Hay muchos tipos de sombras. Y algunas de ellas son muy alargadas. Tanto que pareciera que llegaran a hundirse en el suelo superando el aparente plano horizontal de la tierra. Este es, como se cita durante la obra, el caso del clásico ‘El Lazarillo de Tormes’, obra genial cuya aplicación en el mundo actual, aunque matizada, sería perfectamente posible.
Em el nuevo espacio Silo del Festival de Teatro Clásico de Almagro, en su vertiente AlmagrOFF, la compañía 300 Pistolas puso en escena el viernes su adaptación del clásico, en este caso firmada por Álvaro Morte en versión de Esteban Jiménez.

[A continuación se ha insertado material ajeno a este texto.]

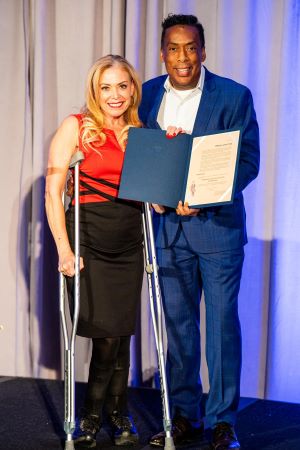 Photo of Greg DeShields on stage receiving a proclamation from the City of Philadelphia.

A partir del hallazgo de un ejemplar de la obra ‘La vida de Lazarillo de Tormes y de sus fortunas y adversidades’, los cuatro actores Esteban Jiménez, Fael García, Carlos de Austria y Eloi Yebra se reparten el papel de Lazarillo en una sucesión de escenas en las que la provocación de la risa -cuando no la carcajada del público- parece ser la motivación fundamental, echando mano del tan manido ‘deje’ andaluz/extremeño para sus parlamentos.
Por momentos, esta búsqueda de la risotada es llevada demasiado lejos, pues si bien las situaciones representadas mueven cuando menos a la sonrisa, la obra contiene una enorme carga dramática, casi trágica, a la que se hizo justicia en los dos momentos reflexivos de la representación: uno de ellos es el monólogo en el que Lázaro se pregunta qué ha hecho él, que simplemente quiso satisfacer las necesidades vitales básicas, para sufrir las situaciones que tuvo que transitar con cada uno de sus amos, que si uno era malo, el siguiente fuera peor aún. La segunda de estas treguas a la carcajada llegó, lógicamente, durante la escena final, en la que Anna Hastings, sin caracterizar, encargada de hacer avanzar la narración del libro, desaparece de la escena. En ese momento los cuatro obreros que dieron inicio a la obra y que vuelven a convertirse en albañiles, se atreven a coger el libro entre sus manos y a leer su parte final, comprendiendo la grandeza de esos objetivos llenos de páginas -e ideas- que, como es el caso, llegaron a estar prohibidos por contener escenas demasiado reales de una sociedad en la que unos eran pícaros por sobrevivir (Lázaro) y otros por pura avaricia.